Some are looking on the positive side. They hope it might be a time of healing for the earth as there are less flight emissions and less air pollution from factories. Some even see it as an additional occasion to spend with the family, a moment for self-learning, for re-evaluation and even, an opportunity for the elusive, but much needed rest.
For me it brought multiple sides. Being an introvert and an entrepreneur who works mostly from home, the effect was subtle, almost difficult to describe. My small entrepreneur endeavour just turned a year old when the pandemic started. I was ready to apply what I learned over the past year and I was certain that this year will be better. My small business was being established. I had a line-up of work. And after all, Wuhan is far away from Helsinki.
By March, the borders were closed. Since most of my work involves travelling and the gathering of people, I knew that most of my work are cancelled. Any possibility of future work is now unforeseen. The present reality became overwhelming. I had to find the best way to manoeuvre in this new situation. However, as a visual practitioner, I know visuals have no borders. Visuals are not confined to the four corners of my flat. Visuals have spoken words. With these in mind, I created letterings with messages of hope. I drew fun illustrations to get to the lighter side of the pandemic. I made illustrations to portrait the heroism of the front-liners. I even drew hands to remind people of personal hygiene! Drawing each day gave me the peace and stability I needed. My illustrations gave me a way to communicate to the world.

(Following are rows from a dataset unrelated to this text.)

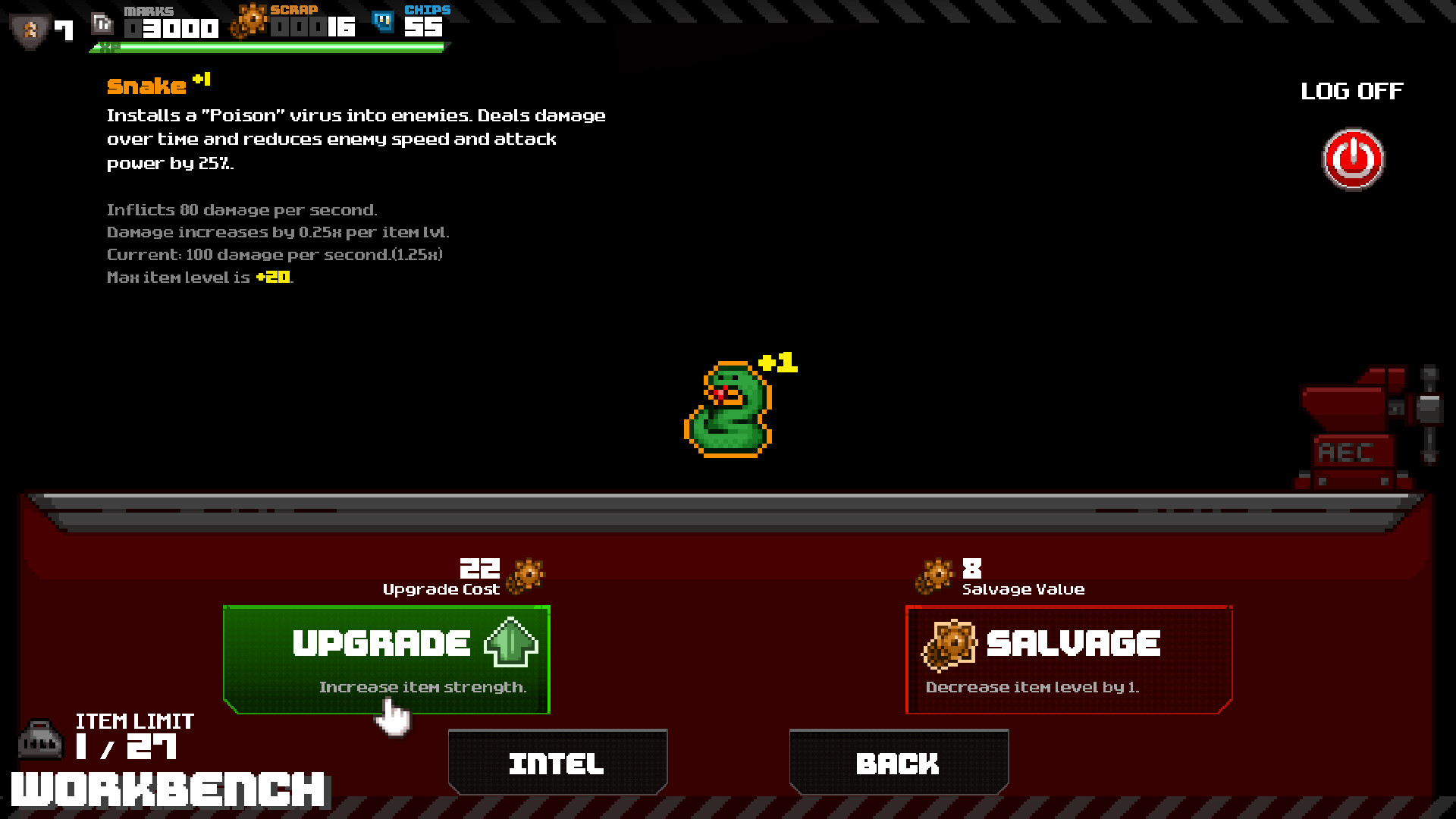 SCAVENGER ZERO screenshot 6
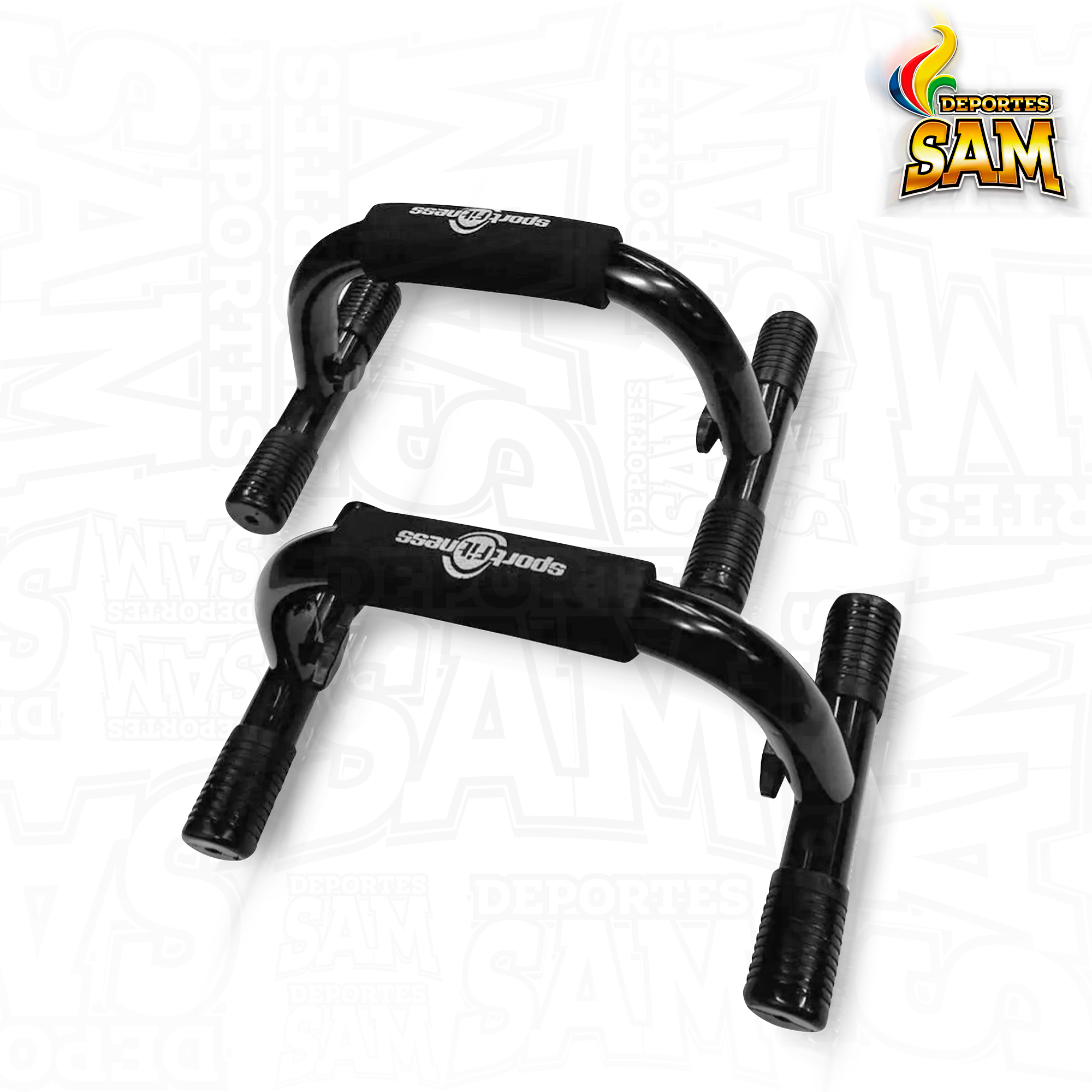 SOPORTE PARA FLEXIONES DE PECHO ACERO SPORTFITNESS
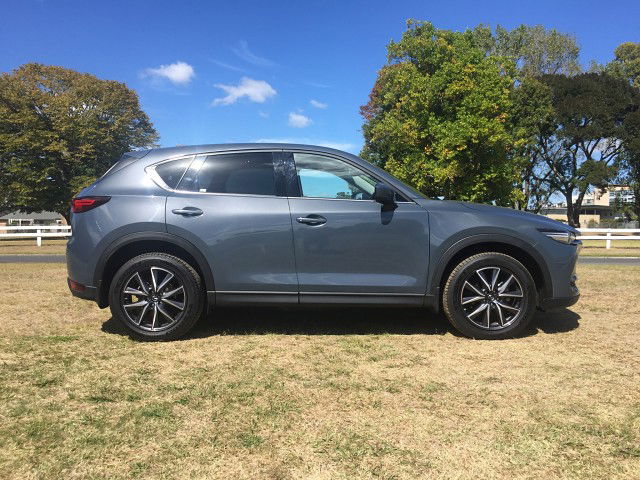 2021 Mazda CX-5 LIMITED AWD 2.5L PETROL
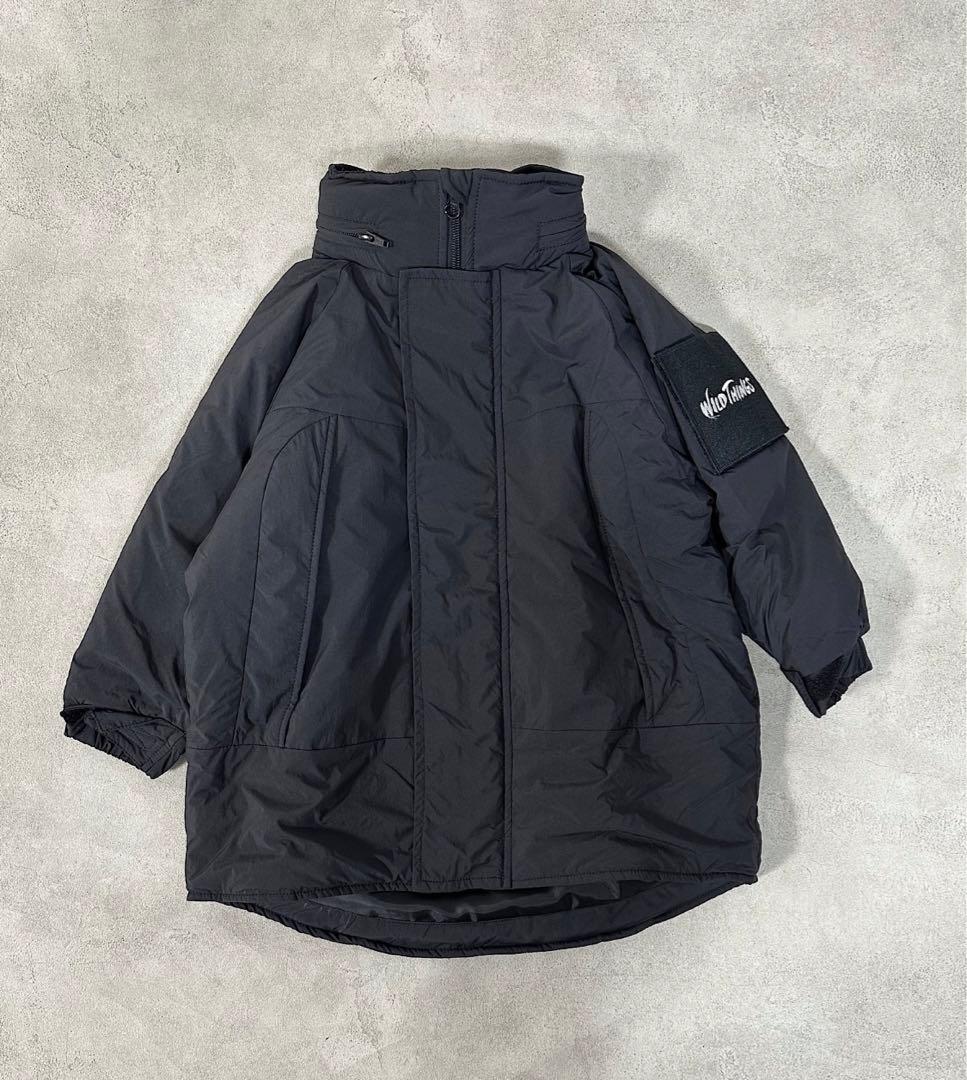 WILD THING マーキーズ別注　モンスターパーカー　ブラック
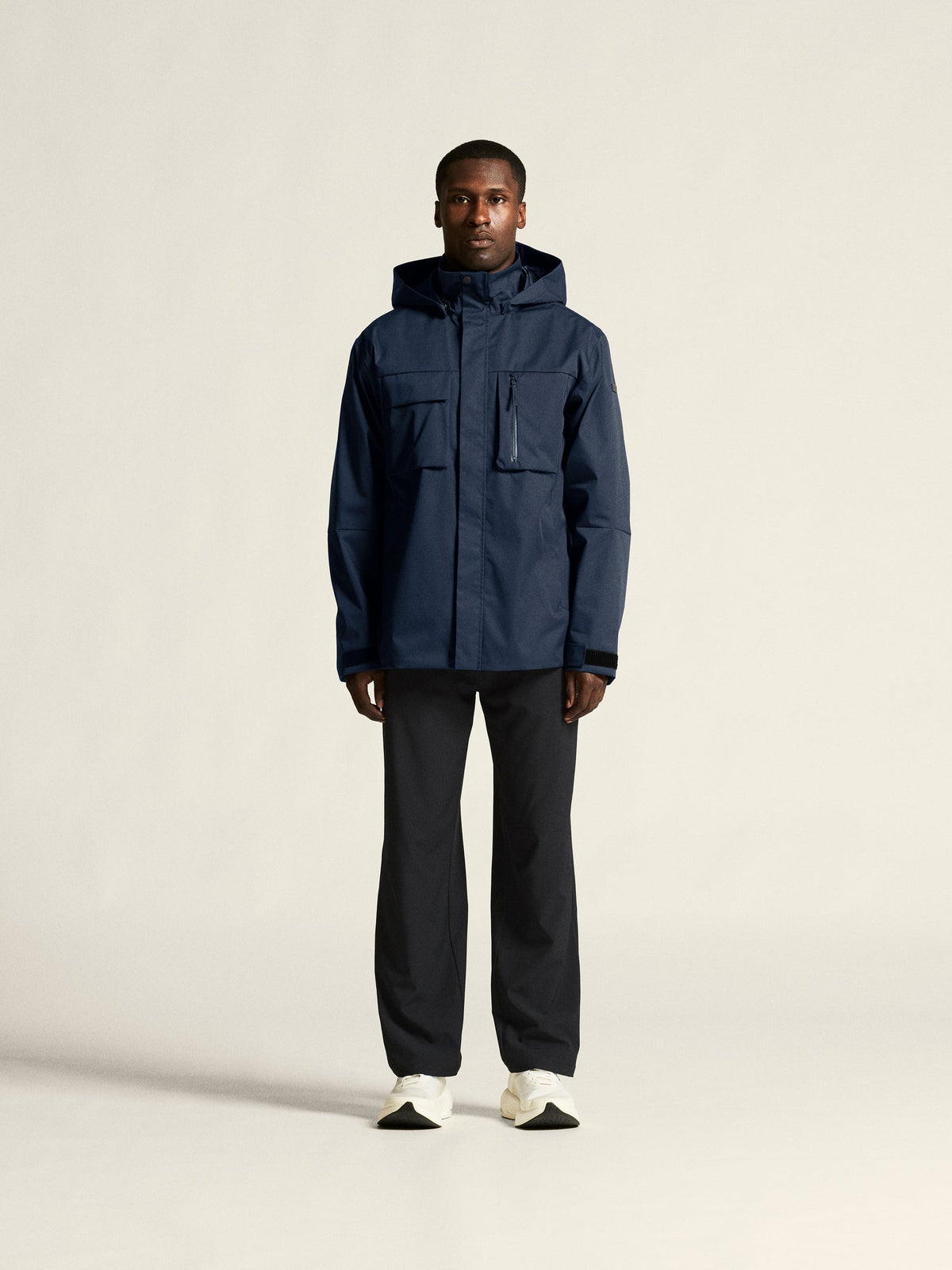 Craft Urban Jacket Herren in Dunkelblau, Detailansicht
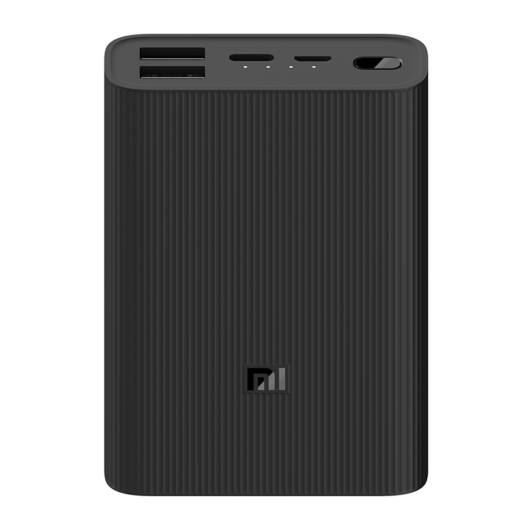 Xiaomi Mi Power Bank 3 Ultra Compact 10000mAh fekete (BHR4412GL) (BHR4412GL)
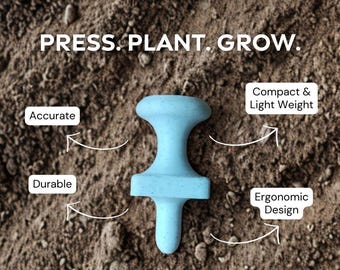 Seed Sower Pro – The Ultimate Tool for Precision Planting!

Then I was asked to draw illustrations for COVID-19 prevention materials. Many resources are already published by international organisations but illustrations that will speak to the local context are needed to reach out to people who belong to the lesser known languages. These illustrations are now being used by different organisations as they produced COVID-19 materials for local languages.
In a very unexpectedly way, visual creation became my small contributions in times like this. Visuals speak in the days of COVID-19.
As a visual practitioner, what is your unique contribution in this time of crisis? How can your visuals reach out to others?